Q. In how many ways can 2 students be chosen from 5 for a quiz team?

  1. 5C2 = (5 × 4)/(2 × 1)
  2. = 20 ÷ 2

Answer: 10

🇮🇳 Real-Life Example

A mohalla WhatsApp group of 10 members: total possible one-to-one chats = 10C2 = 45 — every pair once, order irrelevant.

📝 Exam-Level Example

Q. In how many ways can a cricket team of 11 be selected from 15 players?

  1. 15C11 = 15C4
  2. = (15×14×13×12)/(4×3×2×1)
  3. = 32760 ÷ 24

Answer: 1365

📝 Exam-Level Example

Q. A committee of 3 must have 2 men from 4 men and 1 woman from 3 women. How many committees are possible?

  1. Men: 4C2 = 6
  2. Women: 3C1 = 3
  3. Total = 6 × 3

Answer: 18

🪄 Memory Trick

Big r?
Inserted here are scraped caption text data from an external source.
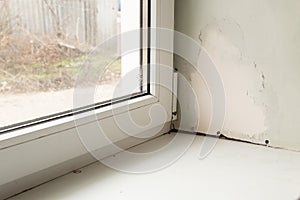 Metal-plastic window in an apartment damaged by mold and moisture close up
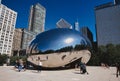 Bright summer day at Millennium Park in Chicago, Illinois with the famous Bean sculpture in the back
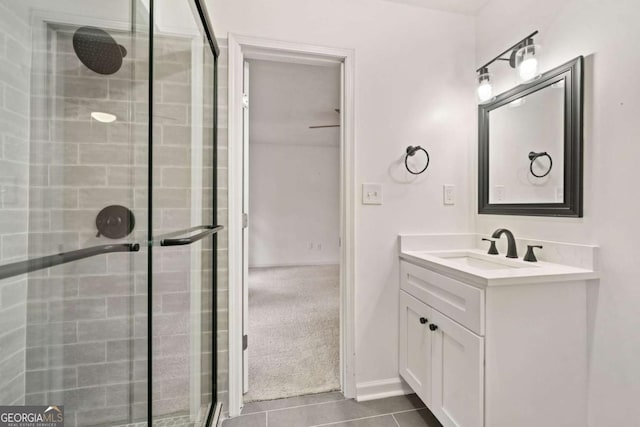 bathroom featuring tile patterned flooring, vanity, and a shower with door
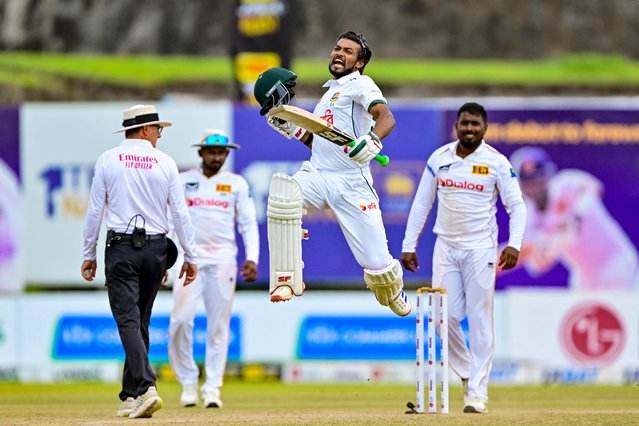 Bangladesh's captain Najmul Hossain Shanto (2R) jumps as he celebrates after scoring a century (100 runs) during the fifth and final day of the first Test cricket match between Sri Lanka and Bangladesh at the Galle International Cricket Stadium in Galle on June 21, 2025. (Photo by Ishara S. Kodikara/AFP Photo)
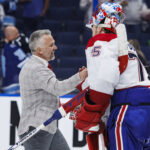 May 3, 2026; Tampa, Florida, USA; the Montreal Canadiens head coach Martin St. Louis and goalie Jakub Dobes (75) react to beating the Tampa Bay Lightning in game seven of the first round of the 2026 Stanley Cup Playoffs at Benchmark International Arena. Mandatory Credit: Morgan Tencza-Imagn Images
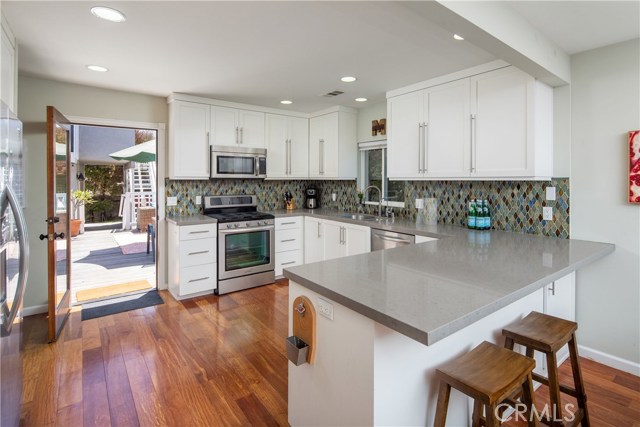 Kitchen leading to redwood deck.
Flip it: nCr = nC(n−r). 15C11 → 15C4 turns a page of factorials into four small numbers.

⚠️ Common Mistakes

  • ❌ Using permutation for team selection — selection never cares about order
  • ❌ Multiplying alternative cases — 'this OR that' means add the counts

🏆 Exam Tips

  • ✅ 'AND' between selections → multiply; 'OR' / 'at least' → add the cases
  • ✅ Handshakes, matches, diagonals-type questions all reduce to nC2

📌 Summary

  • nCr = selections, order ignored
  • nCr = nC(n−r) — always flip a big r
  • Compound committees: multiply group-wise choices
  • Pairs among n = nC2 = n(n−1)/2